Barjac 2017. L’hommage à la femme Fontaine
Sauvé dans En scène, Festivals
Tags: Barjac 2017, Brigitte Fontaine, Hervé Suhubiette, Lucas Lemauff, Nouvelles
C’est un chant partagé, qui parfois déchante au sens où il ne chante pas tout le temps ; qu’il dit, décrète, assène ou assainit parfois. Mais, je vous le jure, enchante, si on se cale bien sur la bonne fréquence de ce qui n’était pas encore la FM mais la TSF. D’ailleurs, la Fontaine coule de source, en phrases incongrues, insolites, magiques, dans la radio allumée sur le devant de la scène. Ils sont trois à se la mettre en bouche, en croquer les meilleurs morceaux, ceux des temps anciens, des temps Saravah, pas de la période star fantasque et foutraque qui suivit après un temps d’oubli, sa renaissance en diva divinatoire qui réaffola les bien-pensants et alerta les kékés.
Les toulousains Hervé Suhubiette, Eugénie Ursch et Lucas Lemauff* font gourmandise sans pareil d’un florilège de Brigitte Fontaine à une, deux ou trois voix et pas mal de combinaisons, collection de timbres qui, s’ils sont quelque peu oblitérés n’en portent pas moins des propos frappés au coin du bon sens. Ou du non sens.
Cette Fontaine-là ruisselle, fait lit et en déborde souvent : ça fait crues de propos qui le sont tout autant, l’équivalent sonore incongru d’un Averty qui, souvenez-vous, en valait largement deux.
« Moi j’mange de la bouse de vache / Y’a bien du pain blanc / Mais c’est pour le patron… » Il eut été possible de reprendre les fabuleuses chansons de la Fontaine dans le même jus, le même liquide amniotique. Mais nos trois de la ville rose ont eux-aussi de la culture qu’ils importent et injectent dans leur sélection. Tant que parfois les nouvelles interprétations virent non sépia mais trad’, comme s’ils voulaient leur conférer une once supplémentaire d’intemporalité, comme si le déjanté devait être fixé pour l’éternité, rangé dans le classique, quasi La Pléiade, avec son cortège de provocs et d’aphorismes : « L’amour c’est du pipeau / C’est bon pour les gogos », « Dieu est un grand malpoli / J’lui confierai pas mon petit », « La nuit est une femme à barbe / Venue d’lspahan ou de Tarbes »… Que des éclats de mots et de notes. Des mots, juste des mots, pour faire leur raisonnable bruit.

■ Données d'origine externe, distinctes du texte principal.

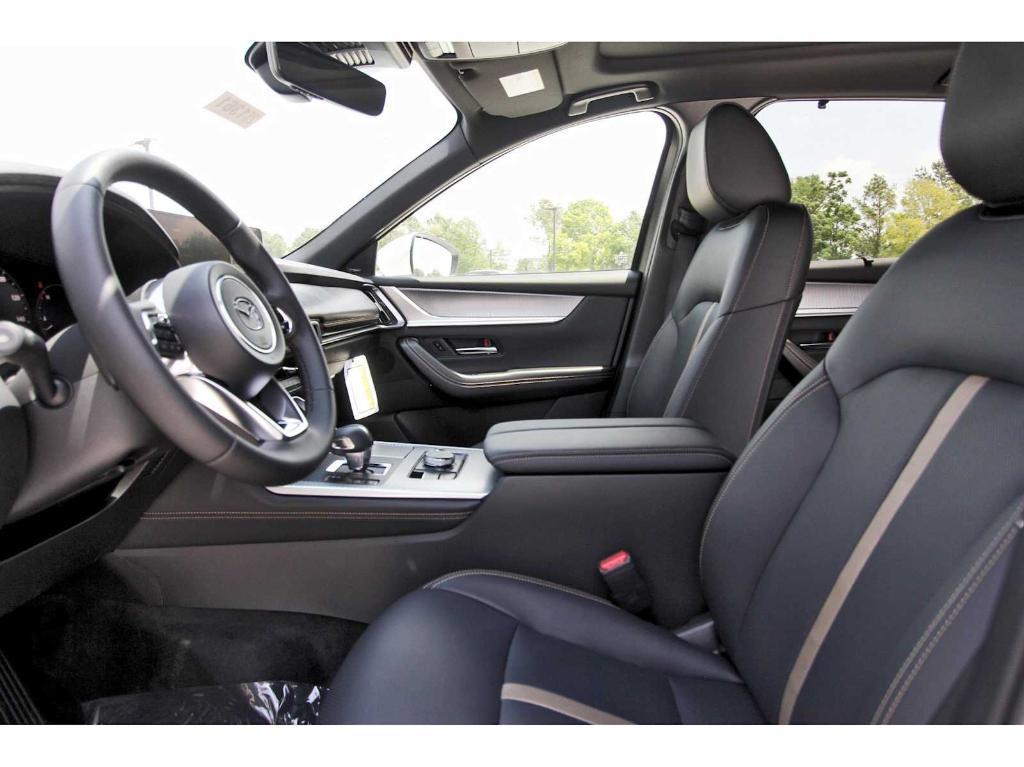 new 2025 Mazda CX-90 car, priced at $50,728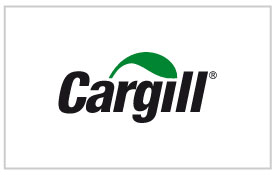 Logo Cargill. Especial Santander no se detiene - Vanguardia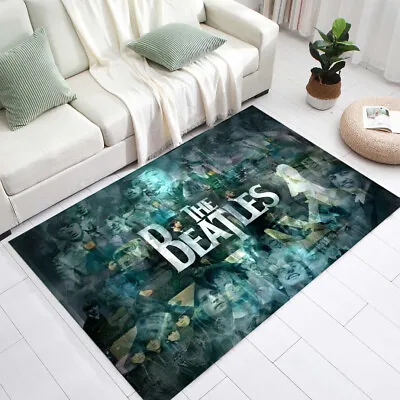 The Beatles Rug Music Rug The Beatles The Beatles Gift  The Beatles Collage • $32.55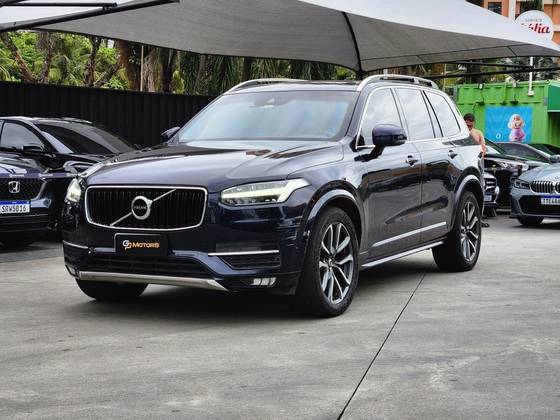 VOLVO XC90 2.0 T6 GASOLINA MOMENTUM AWD GEARTRONIC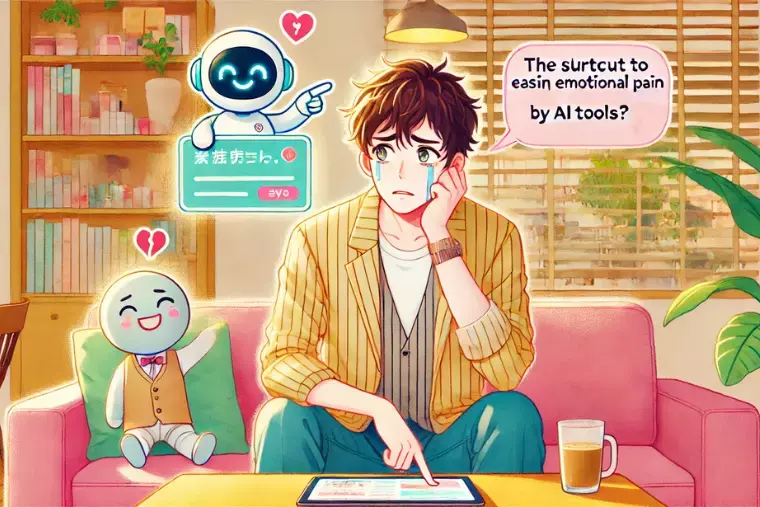 結婚相談所 ベイビーズ・ブレス　Baby's breath「ネガティブ発言の痛みをAIツールで軽くする婚活法」- 4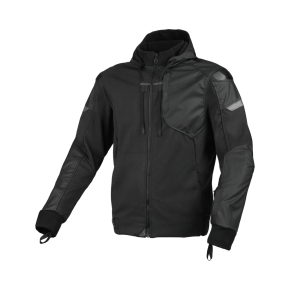 MACNA Distec Motorradhoodie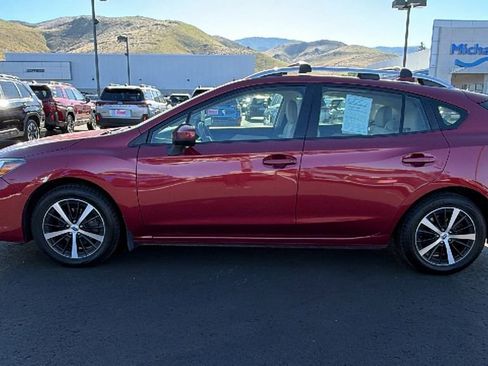 Used 2022 Subaru Impreza 2.0i Premium AWD/4WD image 6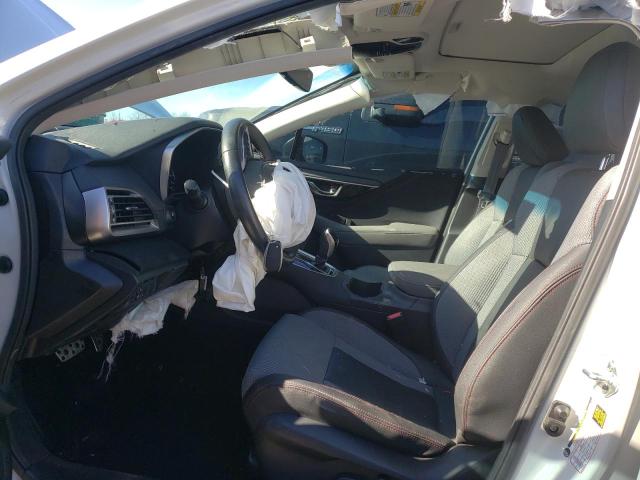 Photo 7 from auction – 2022 SUBARU LEGACY with VIN 4S3BWAH69N3009906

Lemauff, Ursch et Suhubiette ont fait oeuvre utile, de nous restituer le B d’avant la Fontaine, déjà folle mais bien plus libre, surréaliste, un bout d’Histoire de la chanson un peu oublié, l’heure du biberon avant que le bébé soit né tant il est vrai qu’on évolue là dans le plus réjouissant n’importe quoi qui soit. Nos trois-là n’ont pas jugé bon d’exposer leur lecture, leur regard à l’intéressée. Leur excessive timidité est grand tort : je vous fiche mon billet que la reine des Kékés apprécierait et les annoblirait.
*outre trente minutes dont la version par eux décalée de Cet enfant que je t’avais fait, manque à l’appel cette fois-ci Ferdinand Doumerc.